American baseball player (1921–2006)

Royce Lint (January 1, 1921 – April 3, 2006) was an American left-handed Major League Baseball pitcher who played for the St. Louis Cardinals in 1954.

==Early career==
Lint was born in Birmingham, Alabama. He began his professional career in 1939, playing in minor league baseball until 1942, when much of minor league baseball was briefly cancelled due to World War II. He resumed playing in 1946 after a stint in the United States Army Air Forces and continued in the minor leagues until 1953. By that time, he had 141 minor league victories to his credit though no major league experience.

==1954==
Lint, a 33-year-old rookie, spent the entire 1954 season with the St. Louis Cardinals as a relief pitcher. He made his major league debut on April 13 against the Chicago Cubs, pitching two innings and allowing no runs. The first batter he faced was Bob Talbot and his first strikeout, also recorded in that game, was Randy Jackson.
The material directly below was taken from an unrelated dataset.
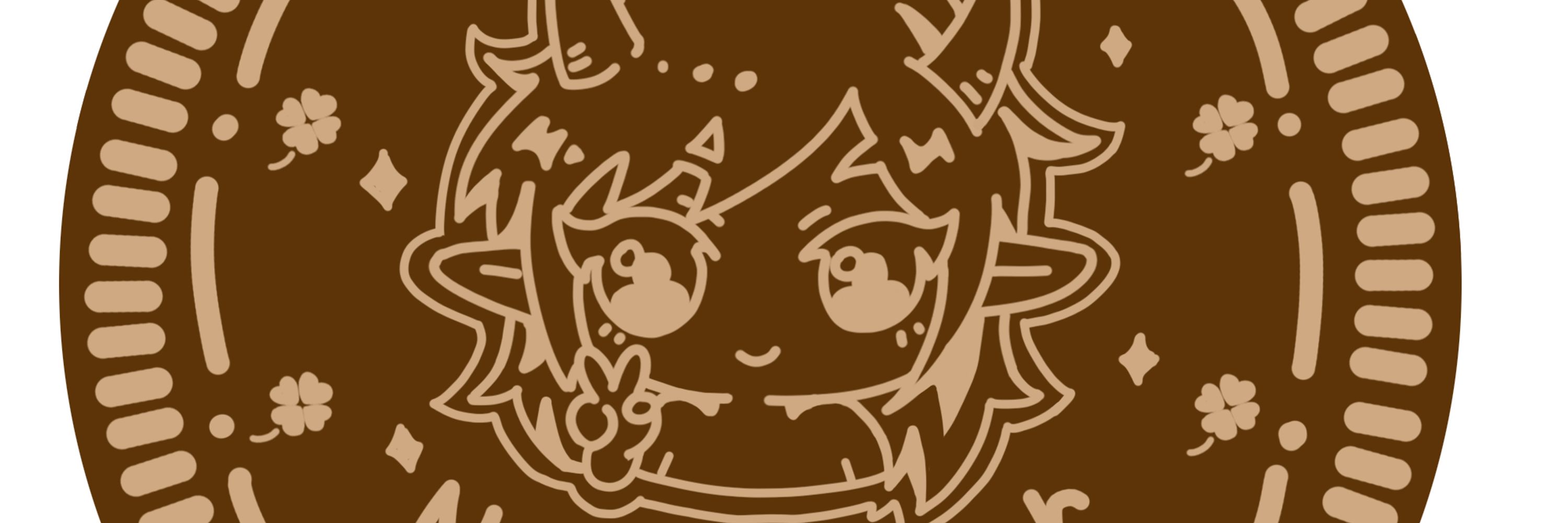 NothosaurJapan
Lint appeared in 33 games for the Cardinals in 1954 and went 2–3 with a 4.86 ERA in 701/3 innings. Though 29 of his appearances were in relief, four were starts — the first of which came in the second game of a doubleheader on July 4. Facing the Cubs, he threw a complete-game shutout.

==Later career==
Lint returned to the minor leagues in 1955 and remained there until 1956. Overall, he went 154–113 with a 3.49 ERA in 492 minor league games over 14 seasons.

Lint died in Portland, Oregon, at the age of 85.